An identity service may also provide single sign-on services to a resource. That is, a resource may sign-on to an identity service and acquire identities and credentials to access a variety of other services or resources. In some cases, the identity service is modified or enhanced to perform some of the teachings presented herein and below.

For any particular resolved identity, a variety of other attributes may be assigned by the identity service or other services or resources that the identity service uses. That is, when the principal desires access to a resource or engages in a communication session with that resource, the access or session may require or may beneficially utilize other information beyond just the identity associated with the principal. Some example attributes or attribute types may include, by way of example only and not by way of limitation, a role that may define access rights and permissions, an employee number, an address, a phone number, a credit card number, income, social security number, etc.

Policy may drive in any given context and for any given identity what attributes are made available for a given access or communication session of the principal with a given resource. Moreover, a single principal may have the same type of attributes, such that a given type is selected depending upon the context. For example, a principal may have multiple addresses or phone numbers, where any given address or phone number is set depending on the context detected and the policy applied.

Various embodiments of this invention can be implemented in existing network architectures, security systems, data centers, and/or communication devices. For example, in some embodiments, the techniques presented herein are implemented in whole or in part in the Novell® Access Manger® product, proxy server products, email products, operating system products, data center products, and/or directory services products distributed by Novell®, Inc., of Provo, Utah.

Of course, the embodiments of the invention can be implemented in a variety of architectural platforms, operating and server systems, devices, systems, or applications. Any particular architectural layout or implementation presented herein is provided for purposes of illustration and comprehension only and is not intended to limit aspects of the invention.

It is within this context, that various embodiments of the invention are now presented with reference to the FIGS. 1-4.

FIG. 1 is a diagram of a method 100 for multiple security access mechanisms for a single principal, according to an example embodiment. The method 100 (hereinafter “identity service”) is implemented as instructions in a machine-accessible and readable medium. The instructions when executed by a machine perform the processing depicted in FIG. 1. The identity service is also operational over and processes within a network. The network may be wired, wireless, or a combination of wired and wireless.

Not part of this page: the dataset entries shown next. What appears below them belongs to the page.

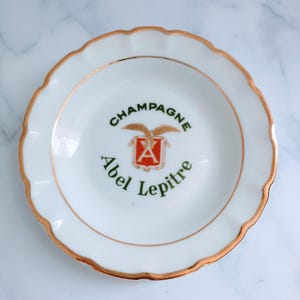 Vintage French Abel Lepitre Ceramic Ashtray with Gold Rim – Champagne Ashtray with Scalloped Edges, Elegant Collectible Gift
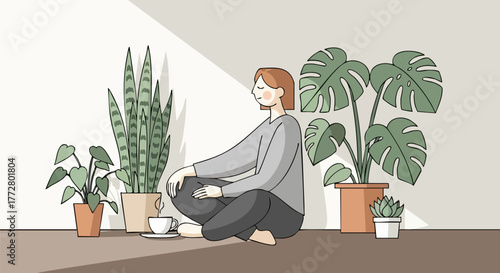 Woman meditating peacefully surrounded by plants in a sunlit room for relaxation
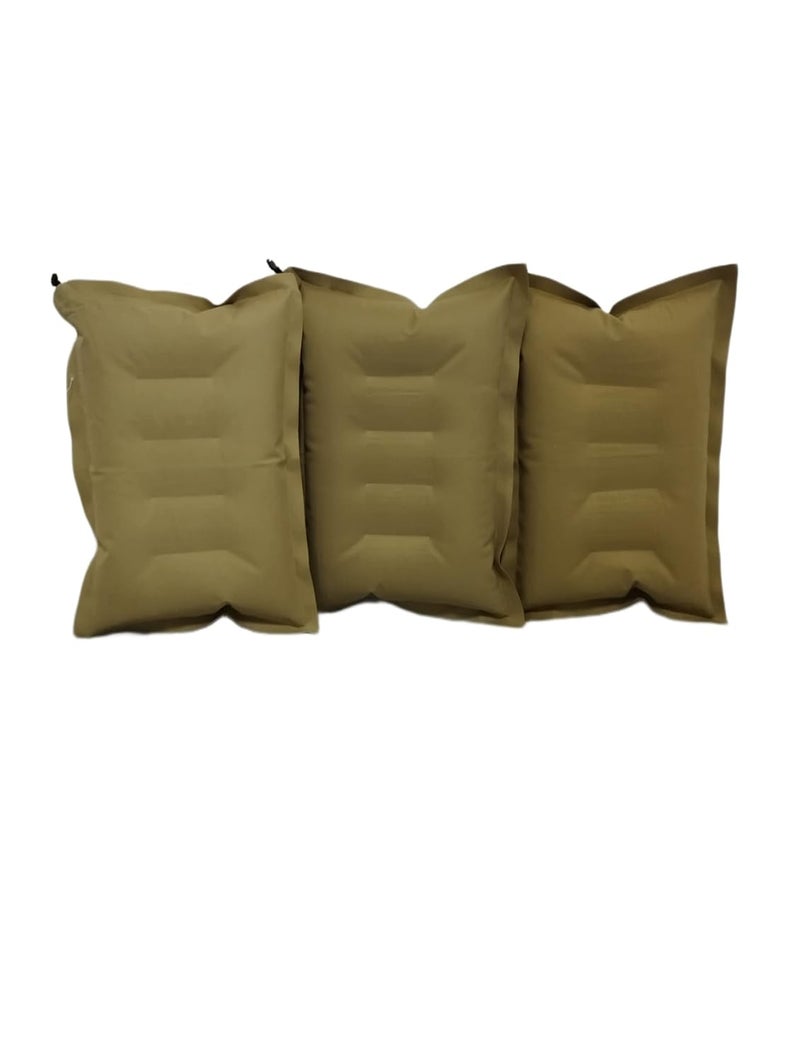 RAV Pack of 3Cushion Sleeping Bag Backpacking Pillow Soft Comfortable Air Inflatable Travel Pillow Tourist Pillow Sleeping Tourist PillowColor Brown - Image 1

Initially, at 110, the identity service receives a first authentication secret associated with a principal. The first authentication secret is accompanied by an identifier that is also associated with the principal. Receipt of the first authentication secret and the identifier is provided so that the identity service can authenticate the principal for access to a desired service or resource. It is noted, that the identifier received is associated with more than one authentication secret and the principal may select which particular authentication to use in any desired context.

According to an embodiment, at 111, the receipt of the first authentication secret and the identifier may come from a browser service, such as a World-Wide Web (WWW) browser connected to the Internet. The principal may have been attempting to access a target service via the browser. The target service does not recognize the principal attempting to access it and forces the browser to redirect to the identity service. At this time, the identity service requests the identifier and authentication secret from the principal via the browser. Assuming authentication is achieved in processing described more completely below, the identity service supplies back at least an access credential via the browser that the principal presents back to the target service to gain authenticated access to the target service and any of its resources.

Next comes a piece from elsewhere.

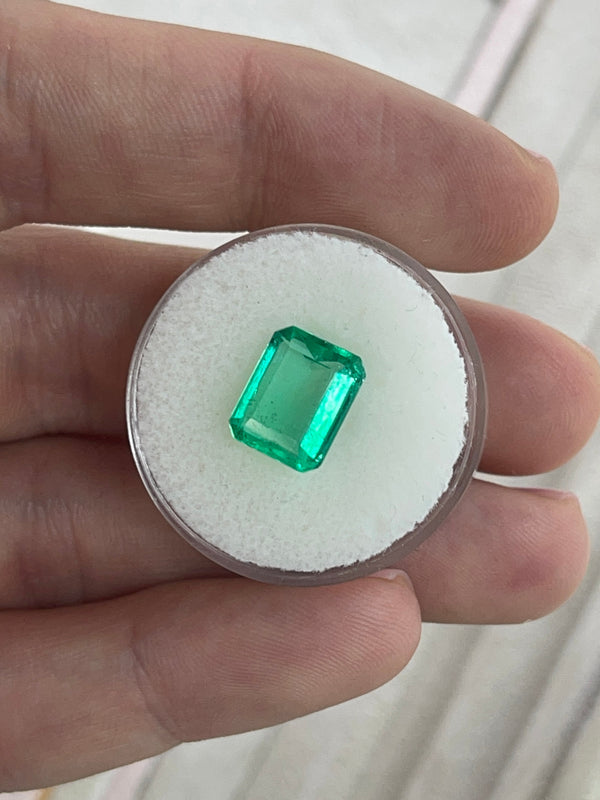 3.30ct Muzo Colombian Emerald Crystal Clear Yellowish Green Spready Cut 10.4x8.4mm Earth Mined Loose Gemstone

In another embodiment, at 112, the identity service may recognize the authentication secret as a password. The identifier associated with the principal can use a plurality or multiple passwords and the principal selects which one to provide. The different passwords may be of different strengths, lengths, etc. Depending upon the password used, the principal will assume a particular role or even identity, which can be defined within or with the access credential, discussed below.

In still another situation, at 113, the first authentication secret may be directly received from a directory service and not from the principal. In this case, the directory service may be unaware of the identity service, such as when the directory service is interfaced to a proxy or when a plug-in module provides an interface to the identity service. In another case, the directory service may be configured and aware of the identity service. When the directory service knowingly or unknowingly supplies the identifier to the identity service on behalf of the principal, it occurs because the principal attempted to log in or gain access to resources of the directory service and the directory service was not able to independently authenticate the principal with the identifier and authentication secret supplied. The directory service then enlists the services of the identity service to perform authentication on its behalf.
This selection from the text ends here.